Peasant networks and the future of food

Silvia Ribeiro—ETC Group

“Peasant and indigenous farming is the only kind of agriculture that can respond to the great dilemmas of humanity: interrelated crises involving food, the environment, energy, and urbanization,” explained Valter Israel da Silva, of the Movement of Small Producers (MPA), a member organization of La Via Campesina in Brazil, during the Elikadura 21 encounter. Despite the forceful nature of his message, Valter spoke with a calm voice. It is not a slogan, but rather his conclusion after 25 years of movement experience in La Via Campesina, including the many years of collective analysis with allied organizations and critical academics that have contributed elements to his understanding.

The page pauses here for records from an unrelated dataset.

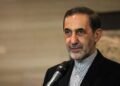 Tehran warns Trump’s move to cancel Iran-US memorandum ‘pushes region toward the flames’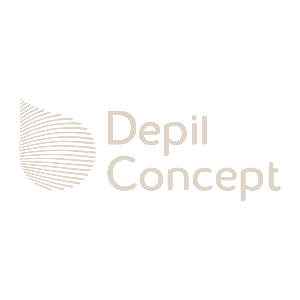 depil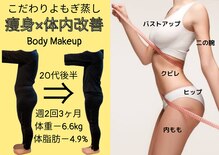 ヨサパーク グランス(YOSA PARK glans)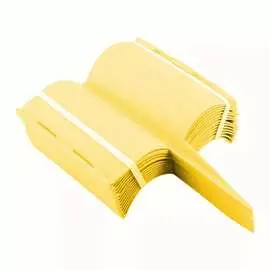 Бордюр Дачная мозаика Каскад 9681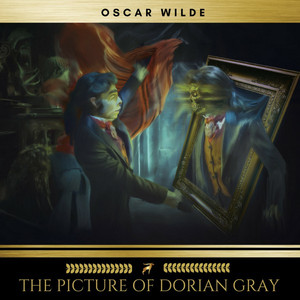 The Picture of Dorian Gray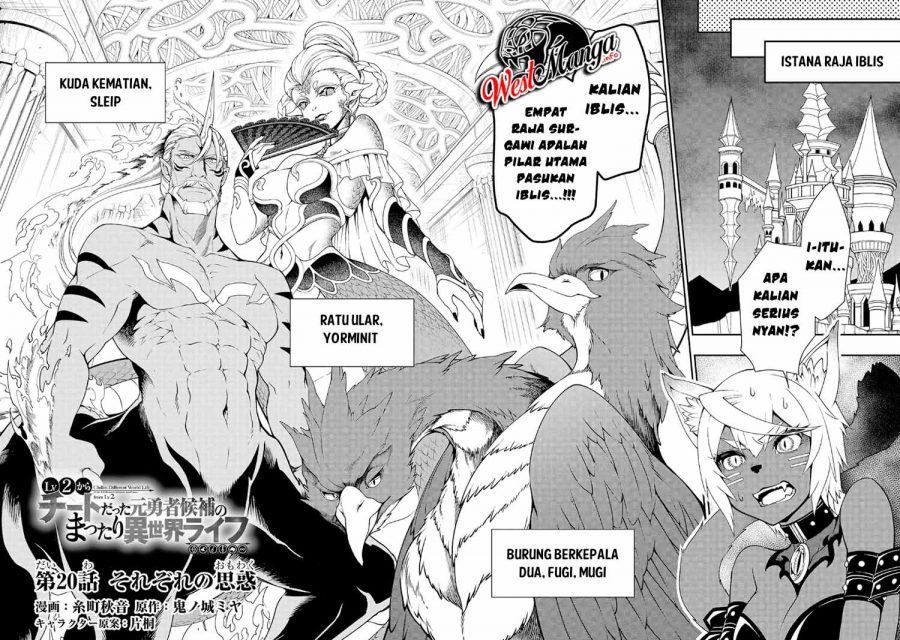 Chapter 20 - halaman 4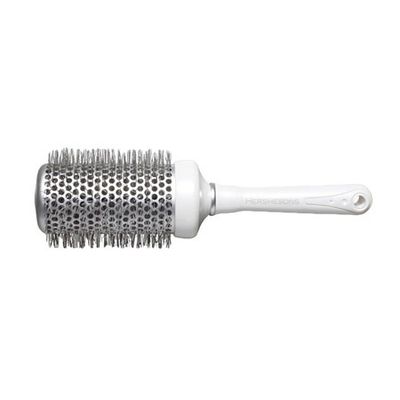 Ceramic Ion Brush from Hershesons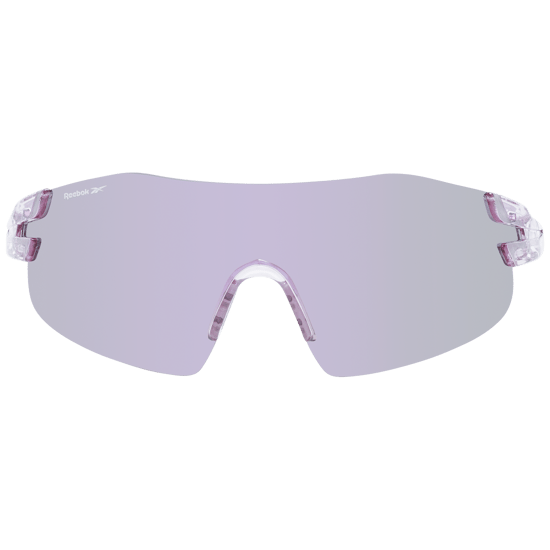 Reebok Sonnenbrille RV9333 01 130 - Image 2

It is also the central question of the Colloquium “The Future of Food and Challenges for Agriculture in the 21st Century,” which took place in Vitoria Gasteiz from April 24th to 26th, organized by Initiatives in Critical Agrarian Studies (ICAS), Transnational Institute (TNI), Etxalde and EHNE Bizkaia—Via Campesina. The encounter brought together more than 450 researchers, academics and members of peasant movements, fisherfolk, herders, feminist organizations and urban groups of conscious consumers, among others.

It was another step towards the 7th Global Conference of La Via Campesina, which will take in Derio in July, 2017. With 164 organizations in 73 countries of five continents, La Via Campesina is the largest peasant organization that has ever existed. Unai Araguren, of EHNE-Bizkaia, clarifies that “we are not ‘small producers’ but rather those who feed the majority of the world’s population with healthy food, provide jobs, health, culture and enhance biodiversity. Additionally, we resist in our places, giving life and culture to our peoples, despite the hostile policies that we face. We are great, not small.”

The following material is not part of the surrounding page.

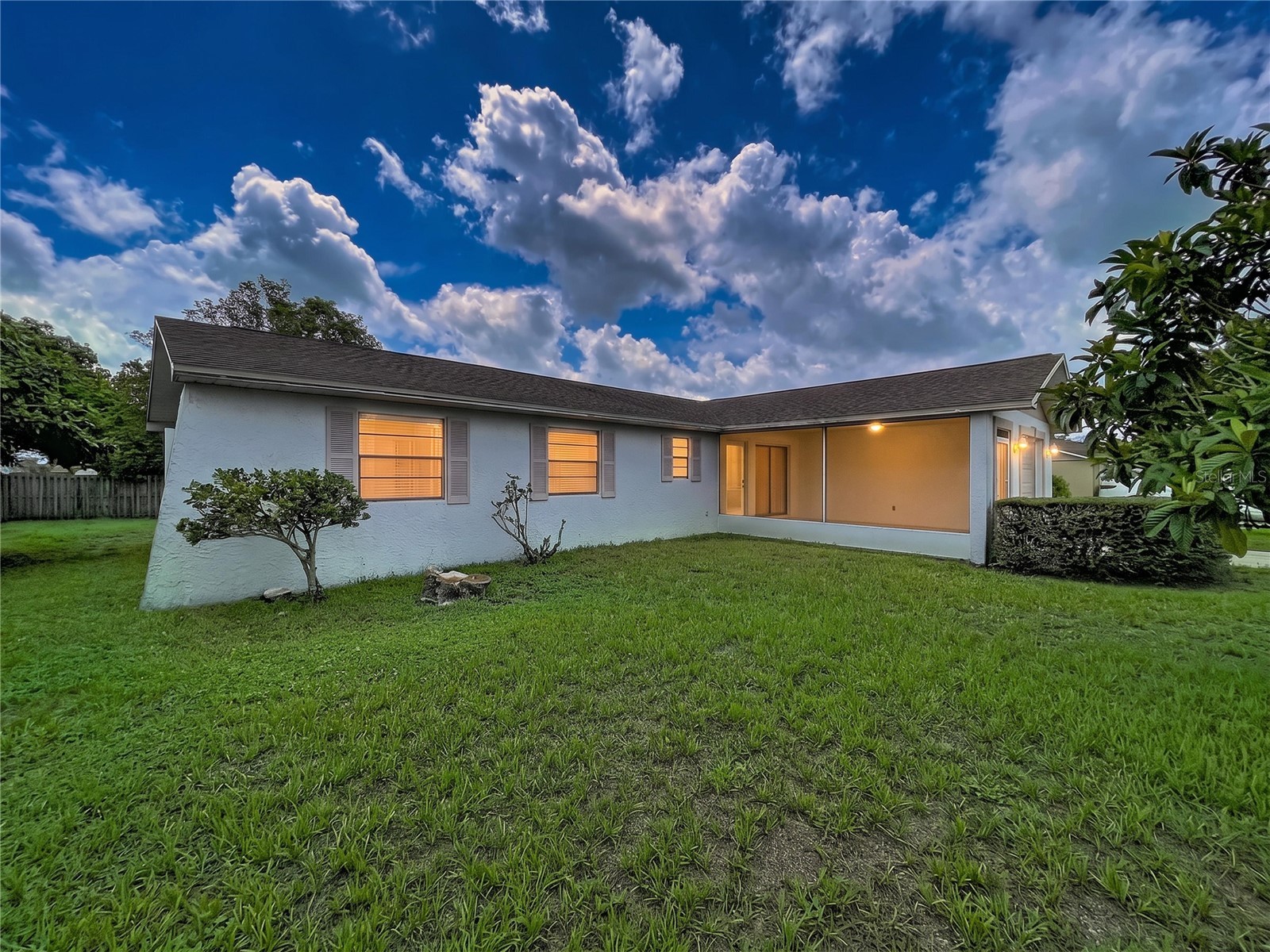 12132 Shadow Ridge Boulevard Hudson FL 34669 W7887832 image6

Some 70% of the food consumed globally is produced by peasants, herders, artisan fisherfolk and urban gardens, despite these sectors controlling only a quarter of the planet’s land. The industrial food chain, dominated by transnational corporations that control food from seeds to supermarkets, uses 75% of the land and 80% of the water and fuel used in agriculture. Additionally, the corporate food system is the major contributor to climate change (emitting from 44 to 57% of all greenhouse gases), and produces commodities rather than food. Up to one-half of what is produced by the corporate agricultural system is lost as food waste, or junk calories. Industrial food is linked to the main illnesses of people and the planet.

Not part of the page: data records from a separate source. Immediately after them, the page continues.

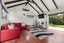 114 Trig Hill Road, Onetangi, Waiheke Island - Carousel 11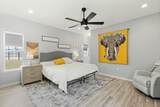 141 Staff Drive - Photo 16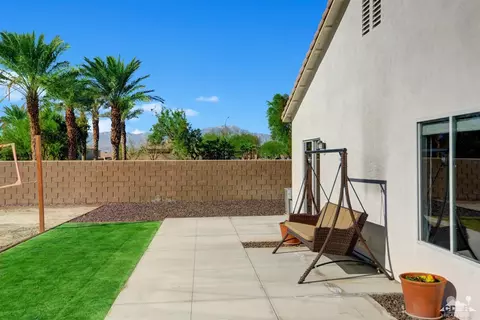 83041 Broadmoor Dr, Indio, CA 92203 photo 24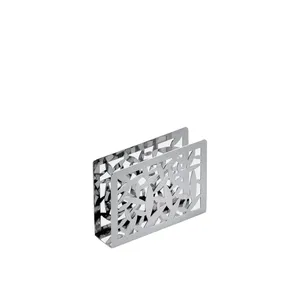 Porte-serviettes et distributeur de table sur mesure, artisanal, haut de gamme, best-seller à l'exportation - Product Image 3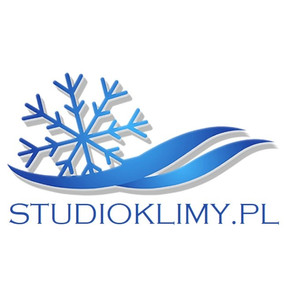 studioklimy.pl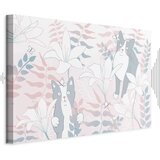  Slika - Cat Matters (1 Part) Wide - Secondt Variant 60x40 Akustična Cijene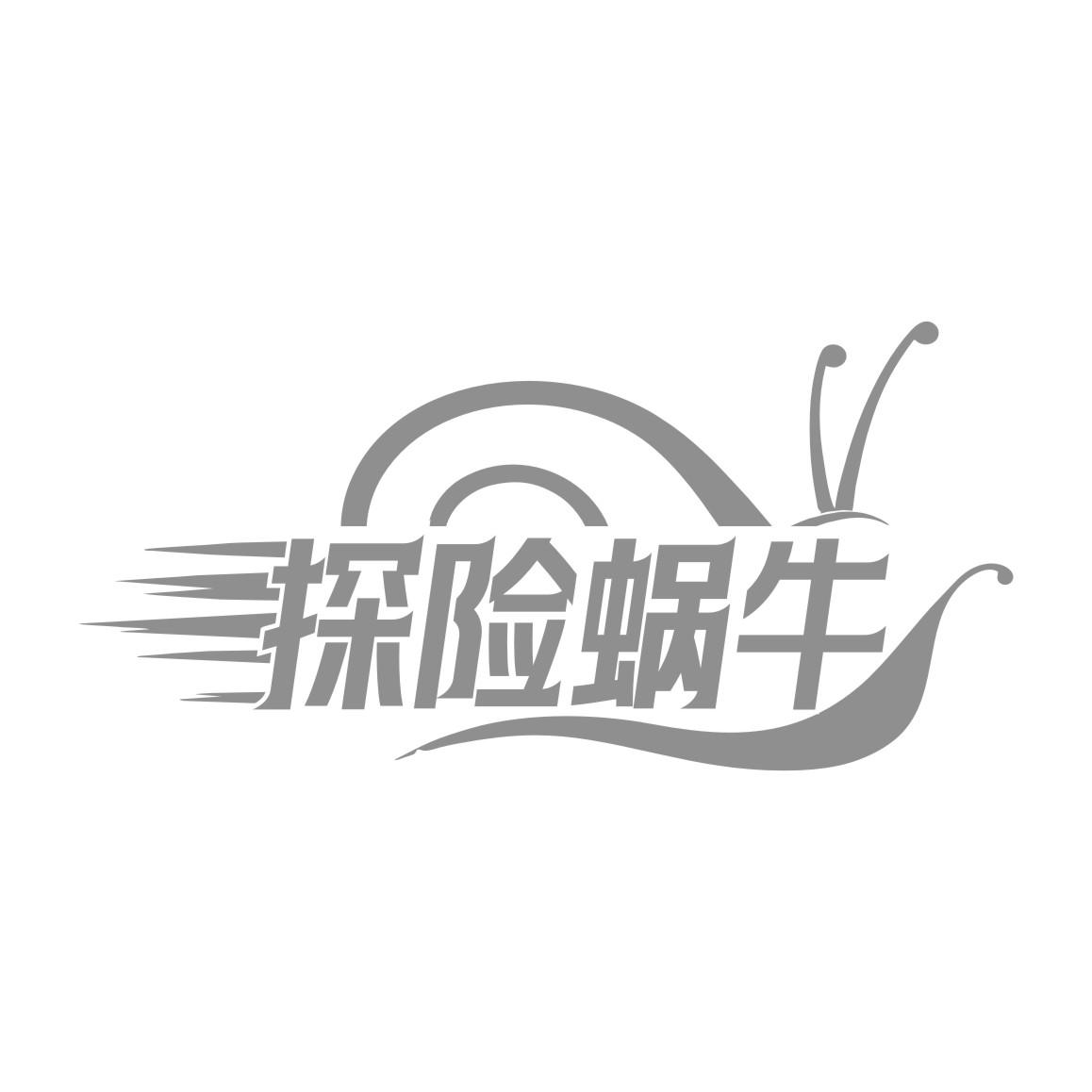 探险蜗牛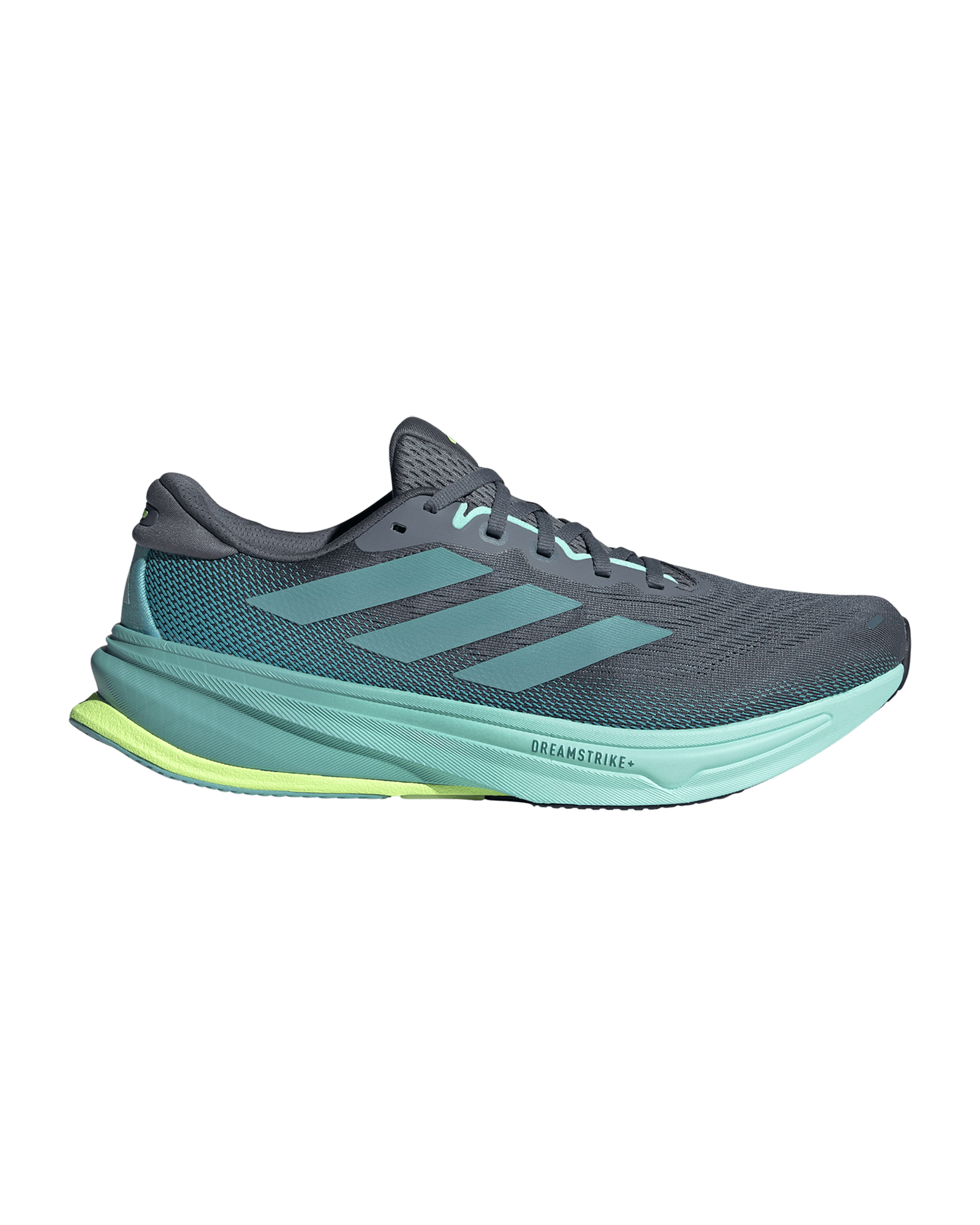 Supernova Rise 2 M Onix/Minton/Hireye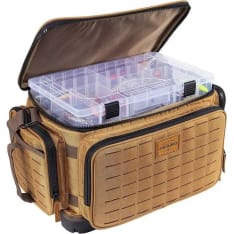 Plano GS 3700 Tackle Bag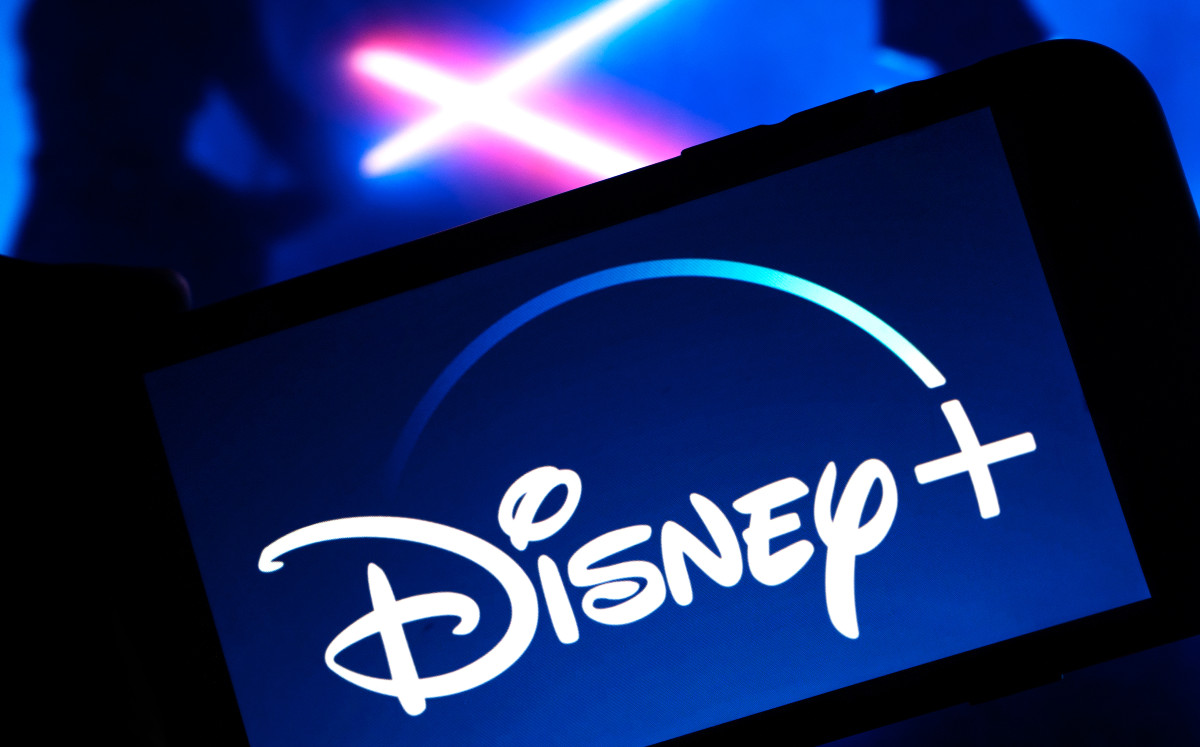 ¡Adiós a la vida sin anuncios! Disney + dará servicio más barato, pero con publicidad |Especial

Peasants, fisherfolk, and herders have suffered as their contributions to feeding humanity, generating employment and sustaining cultures have gone unnoticed. La Via Campesina has already changed this situation and will continue, as Unai Aranguren says, “feeding our peoples and building a movement to change the world.” Food is a task for each and every person on the planet, as is providing support to the building of a global movement.